Wednesday, February 16, 2011

so a few things

I've decided that from here on out, this blog will be mostly Seoul/Korea/teaching content based. When everything is all said and done, I want this blog to be a testament to my experience of one year in the land of the morning calm.

I made a new tumblr for use as my personal blog. peep it here: follow me!

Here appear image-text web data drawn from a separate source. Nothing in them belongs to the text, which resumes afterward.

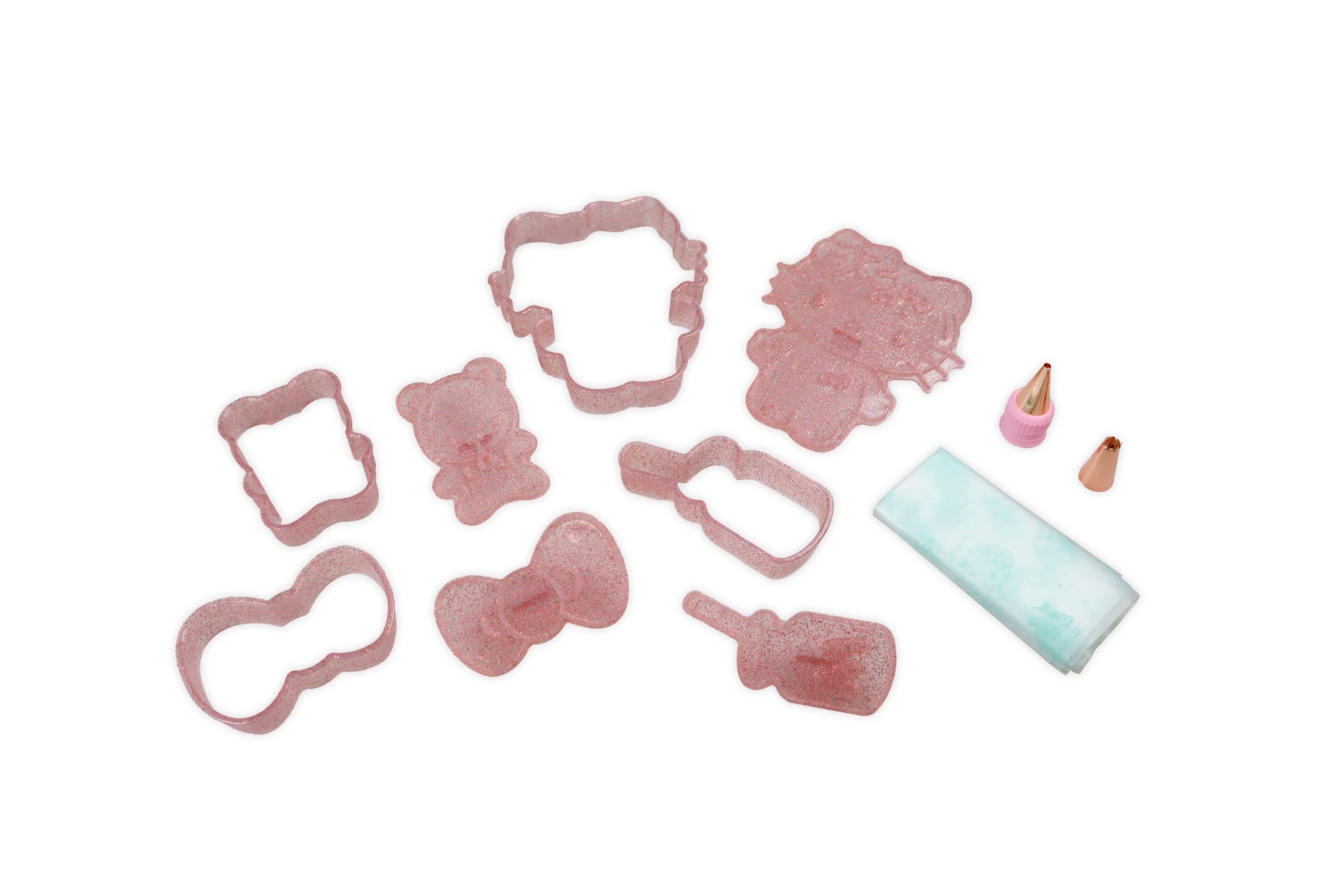 Hello Kitty 50th Anniversary Cookie Stamp and Frosting Set - 图片 3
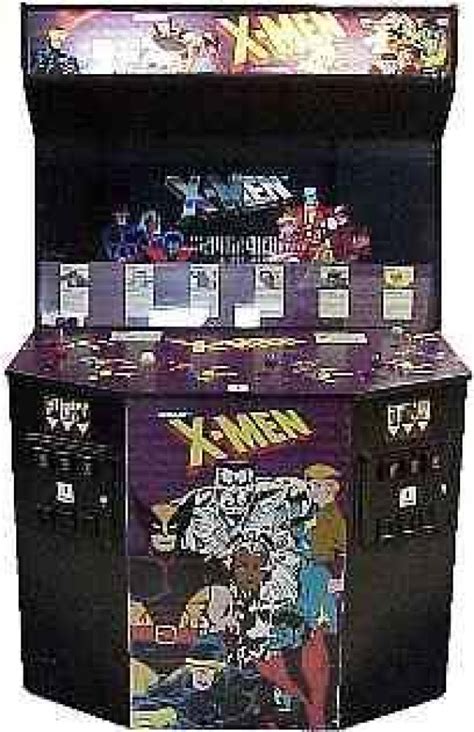 Co-Optimus - X-Men Arcade (Arcade [Classics]) Co-Op Information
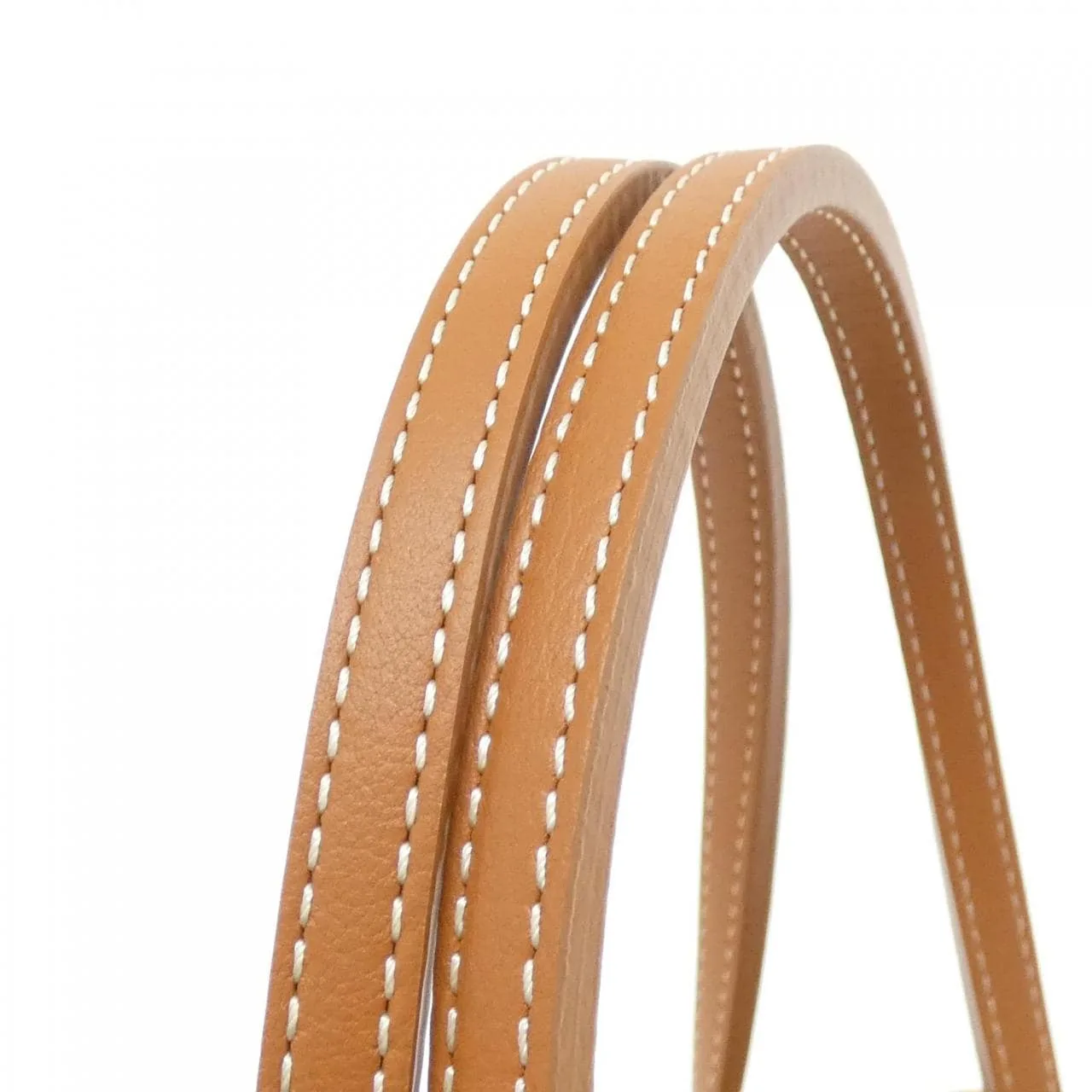 GOYARD Anjou Handbag Canvas 黑色 帆布 中古品A - 縮圖 3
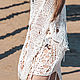 Заказать Летний костюм крупной вязки. Gala Knit. Ярмарка Мастеров. . Кофты-сетки Фото №3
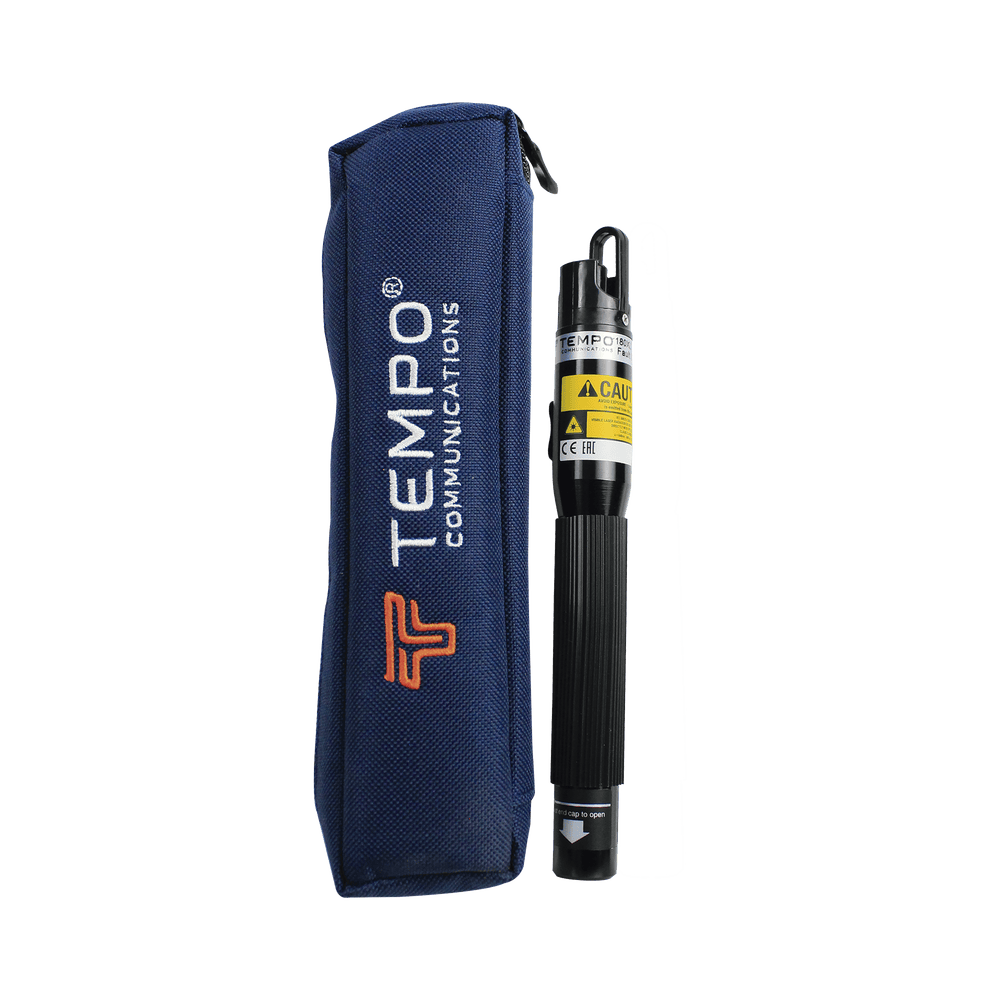 180XL-l Localizador Visual de Fallos (VFL) para Fibra Óptica con Entrada Universal de 2.5 mm, hasta 7 Kilómetros (4.35 Millas) de Distancia 180XL 1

a friend of mine, Nelly, recently sent me this list of "10 things I need to know to survive at a korean public school." The list basically goes like this (but to fully understand what I'm about to write out, just click the link and read the explanations):
  1. [Korean Co-Teachers] didn't know either
  2. Sick Days are imaginary
  3. Co-teachers have 6 jobs
  4. Korean teachers don't eat their homemade lunches in the cafeteria
  5. yes, they really did schedule this last minute
  6. exams trump all else. including your class.
  7. It's model airplane flying day!
  8. your co-teacher is always late to class
  9. "common sense" means something else in korea
  10. "should" means "have to"
now, if this list is all I need to know to survive teaching, I feel like I should be relatively fine. Why? Because I have just enough asian in me, you know, and just enough Eastern ways of thought and practice, that I can associate with how it all works. I am disgustingly willing to please and throw myself into my work to the point where I can, and often do, become a slave to it. I work hard, I take on too much, I begin to define myself by the work that I do. And since I'm like this, I can imagine how actual korean teachers are. So it doesn't bother me in the slightest that things at school suddenly pop up & my schedule must be rearranged. I'd never get upset with a co-worker over something like that. Also, the whole "should"/"have to"... I have my parents. I know this all too well.

And I wouldn't want to eat my boan in a public place either. That's just weird.

The only things on that list that I think I would have a problem with are nos. 2 & 8. I was really looking forward to cashing in on those sick days to go on vacay--because it's not like I'd actually use those days for being sick, as I am, just that asian, that I wouldn't allow myself to get sick. Also, I value being on time...because not being prompt means that you don't value you the other person/people to care. You are willingly saying that you are more important than they are, and that your time is more significant than theirs...because they have nothing better to do than to wait for you. People constantly late would drive me crazy...because my time is valuable too.

1 comment:

  1. I saw you just got here to Korea. Regarding the sick days, that's perhaps the most important of them all. if you get caught traveling abroad on sick day, you are SCREWED.

    In 18 months, I've taken a total of 2 and a half sick days. The half was because I had food poisoning and was up vomiting all night. I stopped throwing up at about 8 a.m. and was able to walk by 10 so I was at school by about 11:30. No one even asked me if I was okay. Just standard.

    Usually you don't really need your co-teacher to be there on time anyways. Just start your class in the same manner every day (I usually begin with good morning/afternoon and asking the date, and then asking some simple question like how are you, what did you do last weekend, what will you do this weekend, are you studying a lot for exams). By the time you finish that shtick your co will probably have arrived.